Friday’s crucial Eurogroup meeting belongs to history, after what was seen as a historic compromise for both the Eurogroup and a member-state of the single currency as well as a process during which Greece — according to its Finance Minister Yanis Varoufakis — had to encounter the apprehension of its 18 partners. Let’s have a look at what the Greek government actually got from the tight negotiation, as described in the text issued following its conclusion.
As declared, the new deal entails a four-month extension of the loan agreement without new austerity measures and a commitment that no unilateral actions will be taken.

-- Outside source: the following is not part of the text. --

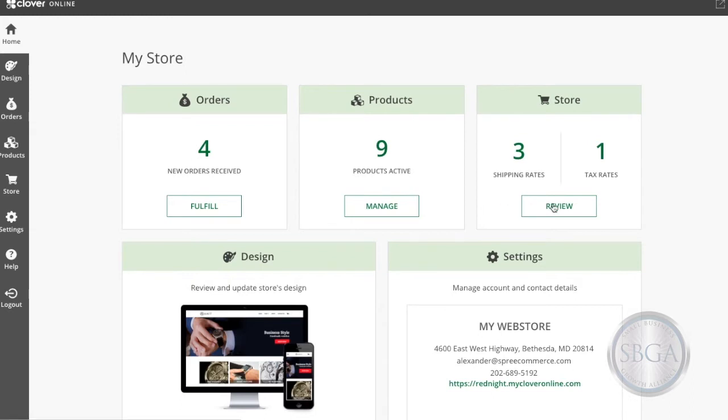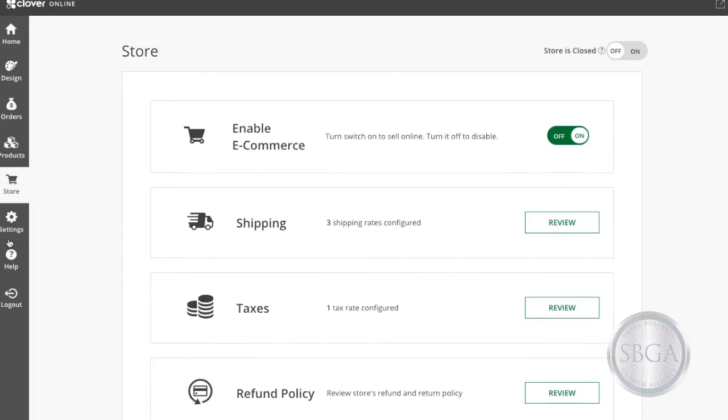Click the Review tab to go to your eCommerce store settings, which you can also access from this main menu over here. Then click Review again within the Taxes section.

The Greek government’s first gain has a semiological rather than a practical impact, as the EC/ECB/IMF mechanism ceases to exist and the term “Troika,” that gained negative publicity among the Greeks, although these “institutions” are still the ones to oversee the Greek extended loan agreement progress. Similarly, yesterday’s arrangement introduced the term “Master Financial Assistance Facility Agreement” (MFFA) that will replace the term “program.” Most importantly though, Greece, after avoiding the danger of a liquidity shortage that would occur at the end of February due to the current program’s expiry, has until Monday to present its own list of reform measures. These will no longer be agreed with the creditors, but will be designed by the Greek government, presented to the institutions and finally approved by the Eurogroup. This list will be further specified and then agreed with the institutions by the end of April.
All the above might appear as minor gains compared to the Greek voters’ expectations from the new government, although Varoufakis claims he got the most he could from a series of meetings, during which the attitude towards the Greek government was not ideal. In addition, he can also claim he was the one pulling Greece out of its isolation in Europe after five years of suffocating Memoranda agreed to by the previous government.